The Toronto Star: Raptors’ Ujiri helps keep the memory of Mandela alive

ujiri-jpg-size-custom-crop-1086x713


In the complicated process of putting together an NBA schedule, with travel considerations to take care of and arena availability to complicate matters, and with a desire to cut down on the glut of back-to-back games, the league allows each team to pick out two dates that are virtual “musts” for them to host games.

The Toronto Raptors have only one — to be playing at home on Dec. 5. The date is sacrosanct for team president Masai Ujiri, and so dear to his heart that the league dare not honour his request.

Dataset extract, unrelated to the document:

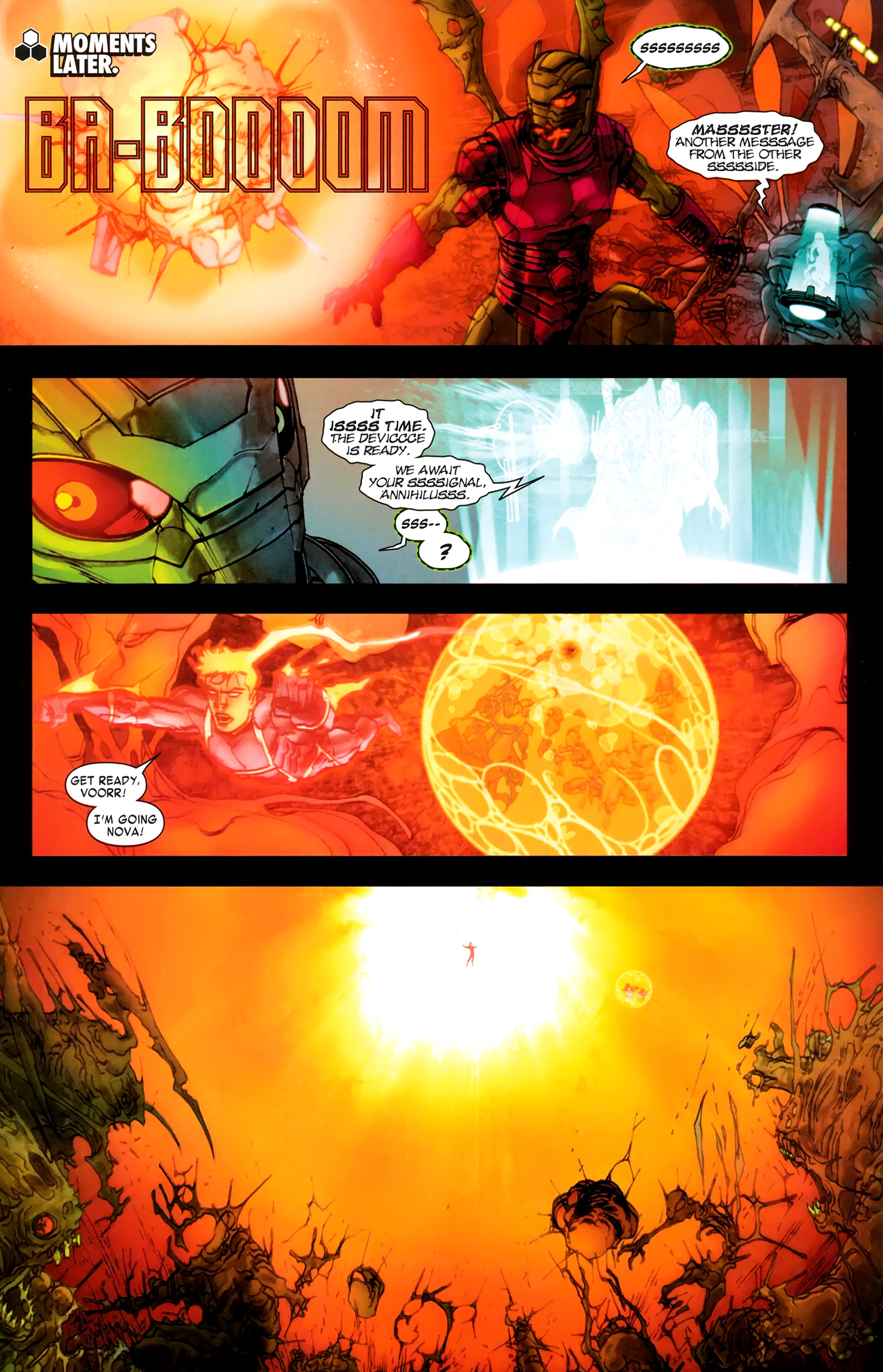 Read online Fantastic Four By Jonathan Hickman Omnibus comic -  Issue # TPB 2 (Part 1) - 72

For the third straight year, Toronto hosted a game Dec. 5, allowing Ujiri once again honour Nelson Mandela, who the Raptors boss calls the “father of Africa.”

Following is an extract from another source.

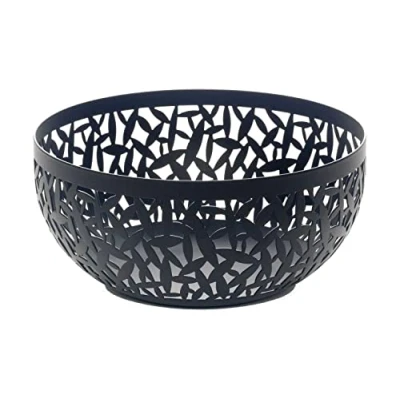 Image de Alessi cactus obstschale 21cm noir msa04 21 b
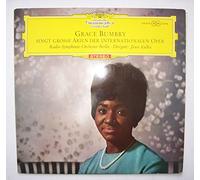 GRACE BUMBRY - Grace Bumbry Singt Grosse Arien Der Internationalen Oper ( Janos Kulka) [Vinyl LP]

“We have to honour him and keep his memory alive every year,” Ujiri has said. “Nelson Mandela knew that sport has the power to inspire and unite people in a way that little else does.”

Monday’s event included an afternoon reception at the Art Gallery of Ontario to benefit Sick Kids Hospital, the Nelson Mandela Children’s Hospital in Johannesburg, South Africa, and Ujiri’s own Giants of Africa foundation.

Multiple Olympian Clara Hughes was the keynote speaker. Mandela’s grandson, Kweku Mandela, was there in his role as the president of the Out of Africa children’s foundation, along with Amadou Gallo Fall, the executive director of NBA Africa.

The franchise was to honour the legacy of Mandela during its game against the Cleveland Cavaliers with special shirts for the players to wear in the pre-game shoot-around, commemorative lapel pins for the coaching staffs, video tributes and the national anthems performed by the Mandela Children’s Choir.

The passion that Ujiri feels for furthering the causes of Mandela, who died Dec. 5, 2013, at 95 years old, is deep and will never end.

The Raptors president lionizes the great leader and civil rights activist who spent nearly three decades in a South African jail.

“Sport has the power to change the world,” Mandela, a Nobel Peace Prize winner, once said. “It has the power to inspire. It has the power to unite people in a way that little else does. It speaks to youth in a language they understand. Sport can create hope where once there was only despair.”

That sentiment drives Ujiri, who understands what the power of games can do to advance society in Africa. He saw it firsthand growing up in Nigeria and he experiences it now with frequent visits to the continent.

It resonates with the Toronto executive in a way few things do. Ujiri has been long involved with the NBA’s Basketball Without Borders program and he runs his own camps across the continent each summer. The documentary film eponymous with Ujiri’s Giants of Africa foundation had its public debut at the Toronto International Film Festival last fall, further advancing a cause so dear to Ujiri’s heart.

Ujiri’s ties with Mandela coalesced when they met for the first time at a Basketball Without Borders event the Raptors president attended with Dikembe Mutombo in the early 2000s. Then just a scout with the Denver Nuggets, Ujiri came away touched by Mandela’s selflessness and simple presence.

“I knew I had to do work for my community and my continent,” he said. “This is one way to continue that.”